▶ Try it: Take nothing but the lines from the one with "Golden Retriever Puppy Cards" through the one with "Tolman Media Michigan Videographers The Knot" in the entries below, both ends kept, and return them exactly with pictures left out.

▶ Extracted material:

────────────────────

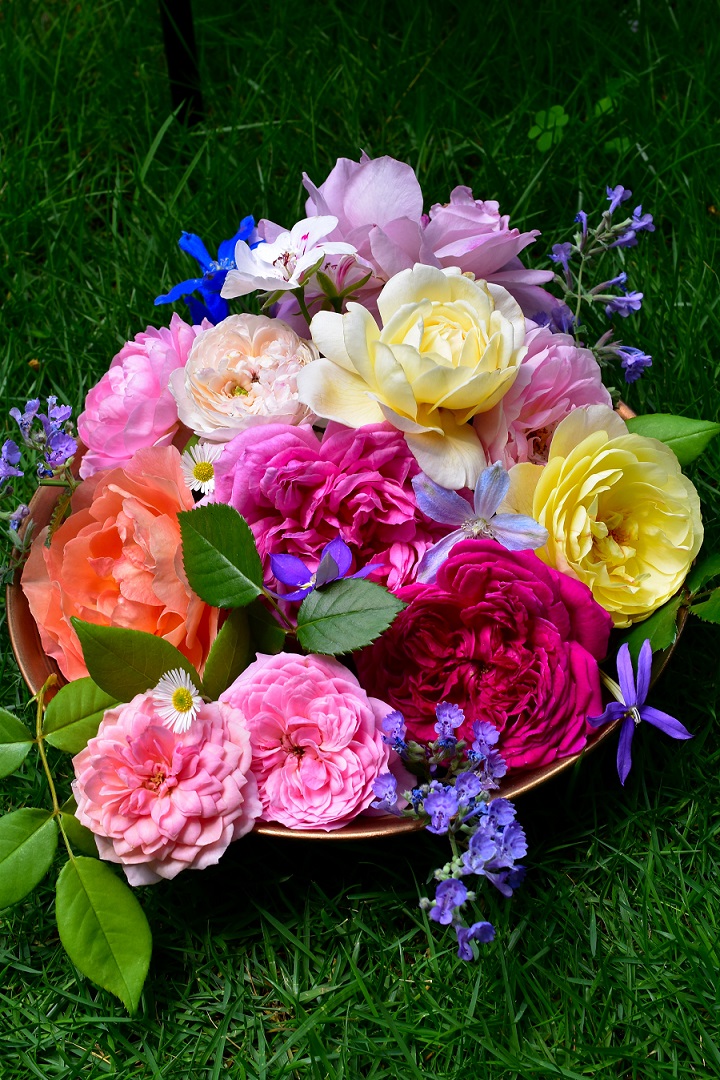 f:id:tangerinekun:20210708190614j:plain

────────────────────

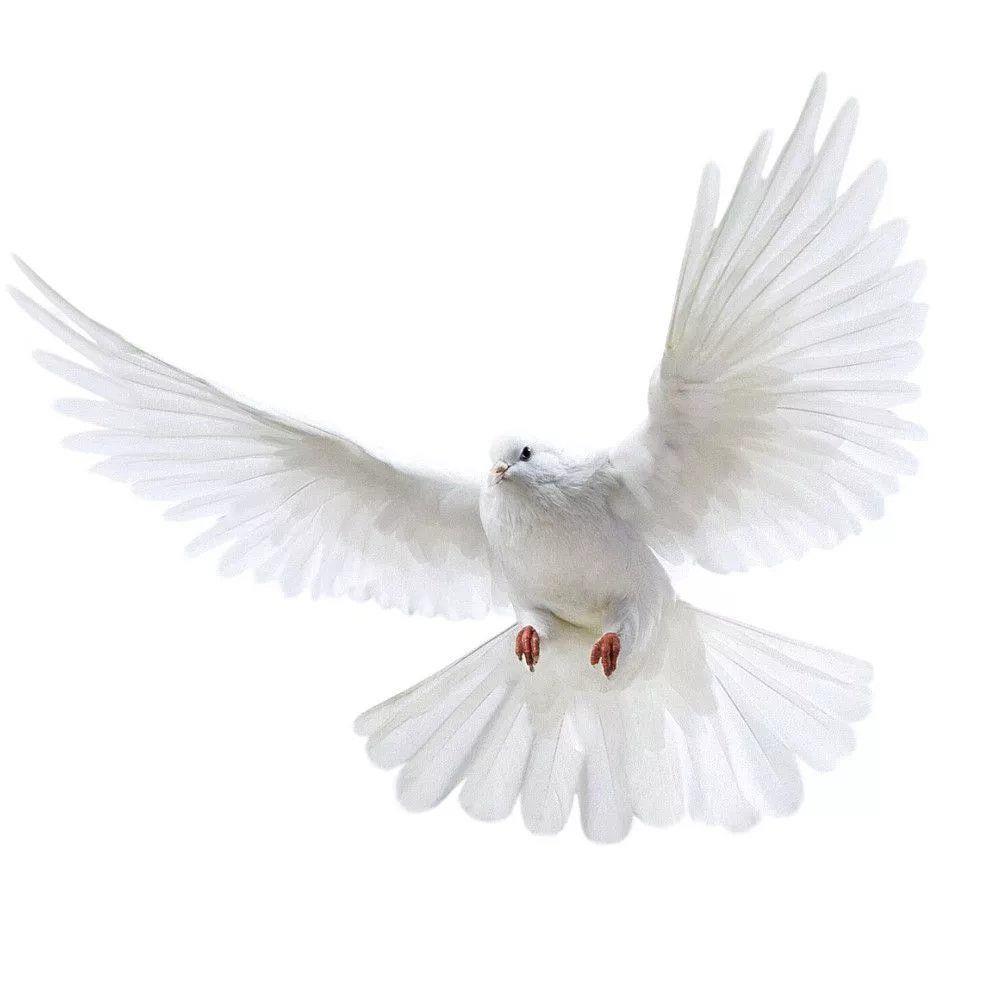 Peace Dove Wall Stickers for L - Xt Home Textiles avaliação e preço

────────────────────

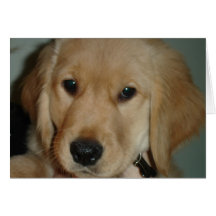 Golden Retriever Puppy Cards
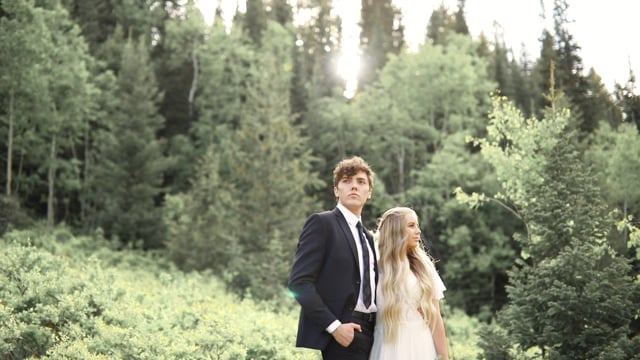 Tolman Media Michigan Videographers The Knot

────────────────────

▶ Result of the task:
 Golden Retriever Puppy Cards
 Tolman Media Michigan Videographers The Knot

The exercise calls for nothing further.